The problem, the solution, the problem, the solution, etc….

The problem back in the 1970s and early 1980s was the telephone monopoly.  Moore’s law bypassed the analog access bottleneck with cheap processing and local transport.  Consumers and then enterprises and institutions began to buy and link the PCs together to communicate, share files and resources.   Things got exciting when we began to multitask in 1987, and then by 1994 any PC provided access to information pretty much anywhere.  During the 1990s and well into the next decade, Web 1.0 was just a 1.2-way store and forward database lookup platform.  It was early cloud computing, sort of, but no-one had high-speed access.  It was so bad in 1998 when I went independent, that I had 25x more dedicated bandwidth than my former colleagues at bulge-bracket Wall Street firms.  That’s why we had the bust.  Web 1.0 was narrow-band, not broadband, and certainly not 2-way.  Wireless was just beginning to wake up to data, even though Jeff Bezos had everyone believing they would be ordering books through their phones in 2000.

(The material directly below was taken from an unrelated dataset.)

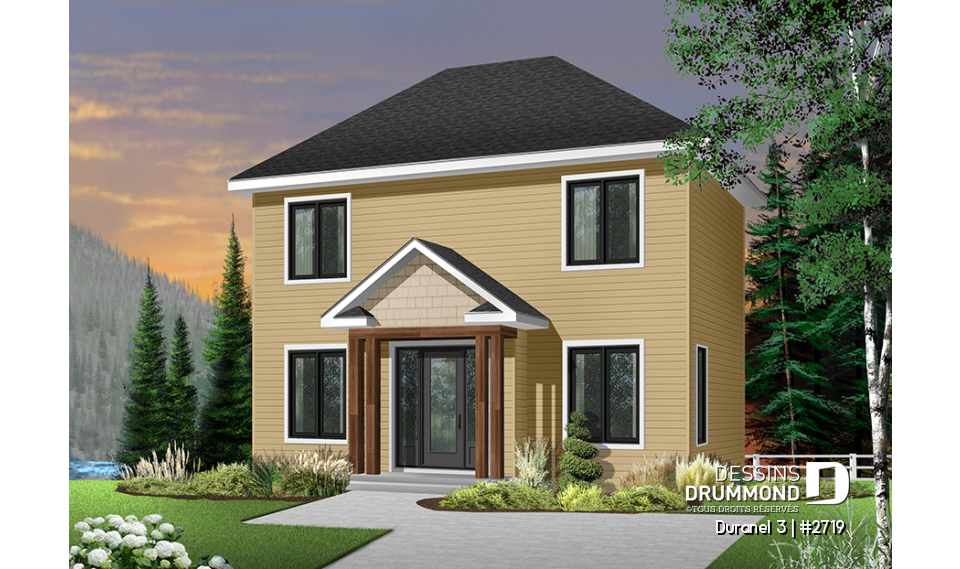 Version couleur no. 7 - Vue avant - Duranel 3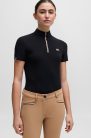 Boss Equestrian Mila Felső, signature black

Two things happened in the 2000s.  First, high speed bandwidth became ubiquitous.  I remember raising capital for The Feedroom, a leading video ASP, in 2003 and we were still watching high-speed access penetration reaching the 40% “tipping point.”.  Second the IP stack grew from being a 4 layer model to something more robust.  We built CDNs.  We built border controllers that enabled Skype VoIP traffic to transit foreign networks “for free.”  We built security.  HTML, browsers and web frontends grew to support multimedia.  By the second half of the decade, Web 2.0 became 1.7-way and true “cloud” services began to develop.  Web 2.0 is still not fully developed as there are still a lot of technical and pricing controls and “lubricants” missing for true 2-way synchronous high-definition communications; more about that in future Spectrals.

The New “Hidden Problem”

Unfortunately, over that time the underlying service provider market of 5-6 competitive service providers (wired, wireless, cable) consolidated down to an oligopoly in most markets.  Wherever competition dropped to 3 or fewer providers bandwidth pricing stopped falling 40-70% like it should have and only fell 5-15% per annum.  Yet technology prices at the edge and core (Moore’s Law) kept on falling 50%+ every 12-18 months.  Today, the price differential between “retail” and “underlying economic” cost per bit is the widest it has been since 1984.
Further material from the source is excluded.